Books, chamois shirt, and a bow scale. But I had made a new bracer and just finished my new bow on Christmas Eve.

Archerykid- Sweet bow!


----------



## tylerolsen12 (Feb 8, 2007)

kegan said:


> Books, chamois shirt, and a bow scale. But I had made a new bracer and just finished my new bow on Christmas Eve.
> 
> Archerykid- Sweet bow!


thanks Kegan im sure yours is sweet too


----------



## tylerolsen12 (Feb 8, 2007)

CA_Rcher12 said:


> $


any plans for what you are buying with it yet


----------



## Redhead Hunter (Sep 30, 2007)

i got my own laptop and some arrows ect!


----------



## CA_Rcher12 (Oct 28, 2004)

archerykid12 said:


> any plans for what you are buying with it yet


I need some cleaning stuff for my guitar and bass, some more songs off of iTunes, and I'll also need some new shoes in a few months.
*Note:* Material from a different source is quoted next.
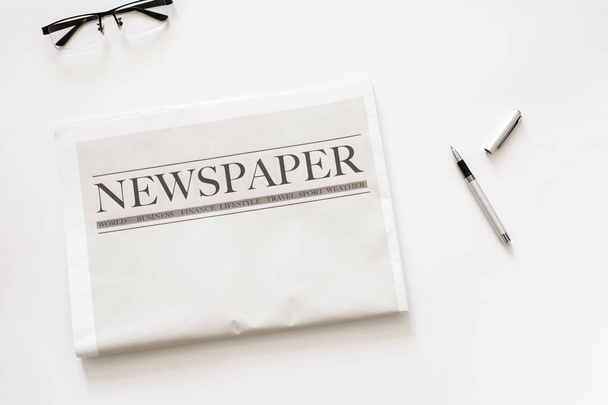 Newspaper and coffee on white background - Photo, Image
Then the rest will be saved for a new bow.


----------



## BIGBC (Jan 29, 2007)

I got some Easton X7's for the indoor season =]
New Merlin TRIAD stabs; very nice and radiculously light =] (im yet to shoot em though)
2 STS Hoyt side mounts (on order, my sis is bringin them back from the states)
electric shaver + toothbrush
a watch
new coat + hoody

i have again been blessed by family + friends =]
Now all i need is my '08 UltraElite to get here . . . (5 weeks and counting, but i am in the UK and theres been several holidays lately)


----------



## master hunter (Oct 9, 2007)

archerykid12 said:


> this is mine


i got a new bow to. it is the alpine silverodo eclips! i dont think i spelt it rite. but it is reallyreally fast!


----------



## Evinrude (May 31, 2007)

22'' posten ,Ipod,tech deck, vans shirt


----------



## Hoyttboy (Jun 10, 2007)

i got a hoyt pro tec in inferno color for comp. in 60 to 70 pounds
1 dozen easton fatboys 
boots
and some clothing
santa was very good to me.:wink:
all i need know is a site


----------



## bearr (Jul 21, 2006)

CA_Rcher12 said:


> $


wurd.


----------



## Bowhunt4life (Dec 28, 2007)

GT Ultra lite 22s
100 gift card 
clothes 
hunting watch tells when deer are feeding sun set sun rise
cologne
Tony lama boots
mp3 player
mossy oak wallet with shot shell back on it
:wink::wink:


----------



## jing1117 (Jun 17, 2006)

$350 cabela's gift card from boss. 
clothes from friends
mathews drenalin ld and hoyt pro elite in red ember (all on order) from wife. 
$3oo trykon xl from myself


----------



## tylerolsen12 (Feb 8, 2007)

jing1117 said:


> $350 cabela's gift card from boss.
> clothes from friends
> mathews drenalin ld and hoyt pro elite in red ember (all on order) from wife.
> $3oo trykon xl from myself


wow sounds like you had a good christmas


----------



## Bowhunt4life (Dec 28, 2007)

archerykid12 said:


> this is mine


nice rig hope fully im going to sell my lazer tec hoyt and buy the katera xl 
unfortunately ive gotta wait til 08


----------



## tylerolsen12 (Feb 8, 2007)

Bowhunt4life said:


> nice rig hope fully im going to sell my lazer tec hoyt and buy the katera xl
> unfortunately ive gotta wait til 08


thanks i like it alot you will like the katera


----------



## **Frost Bite** (Jan 13, 2006)

sleeping bag, alarm clock, stereo system, cell phone, and a bunch of other smaller stuff.......


----------



## wallop85 (Oct 22, 2007)

archerykid12 said:


> this is mine


nice bow man!!! do you have time yet to try to go get another deer?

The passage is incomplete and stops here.